Quibbles and Bits

Brainz the Size of a Planet, Part 3

I have been describing the free-access crowd-sourced music metadata database MusicBrainz over the course of the last two issues of Copper.  I started out by describing the need for what I term ‘rich metadata’, and then gave an overview of MusicBrainz itself.  In this final installment I want to discuss a practical application for MusicBrainz in a real-world consumer product like a Music Server, and conclude by mentioning some of the limitations and drawbacks that remain posed by MusicBrainz.

Fundamental to the concept of a Music Server is the metadata associated with the music in the server.  So if iTunes (to use a widely-recognized example) is able to display your music by Album, including images of the Album Art, lists of track names, performers, composers and the like, it is only because it has access to that information in the individual tracks’ metadata.  Try importing a track into iTunes with no metadata and see what you get!  So metadata is mission-critical to the whole concept of a functioning Music Server, and the more in-depth and detailed the metadata, the richer can be the experience of using the Music Server.
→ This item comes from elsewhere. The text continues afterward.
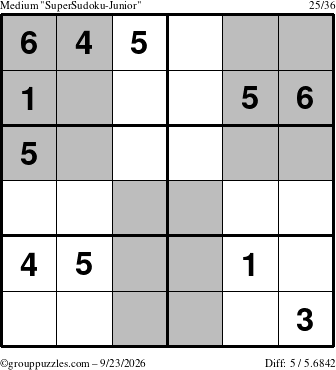 The grouppuzzles.com Medium SuperSudoku-Junior puzzle for Wednesday September 23, 2026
Simple software like the aforementioned iTunes gets all its metadata from your music files.  That doesn’t make for an enticing user experience.  These days, most music files come with basic metadata, which is why you do actually see data when you import them into iTunes.  But if you ever ask yourself why certain data isn’t displayed in iTunes, it’s probably because that data isn’t in the files in the first place.  So if you want to develop your own Music Server, and you want it to improve upon what iTunes has to offer, you need to be able to find better metadata than iTunes can find.  This is where resources like MusicBrainz come in.

So here I am, and I’m writing the software that imports the first track of the first album into my new Music Server, and I want to download its metadata from MusicBrainz.  How do I go about that?  Let’s just assume I am importing the least helpful possible category of track – one that has no metadata at all associated with it.  So I don’t even know what song it is.  How can I find that on MusicBrainz?  It turns out there a tool to do just that.  I can include in my Music Server App a process to analyze any given music file and produce what is called an Acoustic Fingerprint (if you are familiar with Shazam you will have some idea of the concept).  I can submit my Acoustic Fingerprint to a free on-line service called AcoustID, and if it has that fingerprint on file it will give me a whole bunch of information about the track.  Included in that information is usually a direct link to the track on MusicBrainz.  So, finally, I can go to MusicBrainz, and download a whole raft of metadata associated to my track.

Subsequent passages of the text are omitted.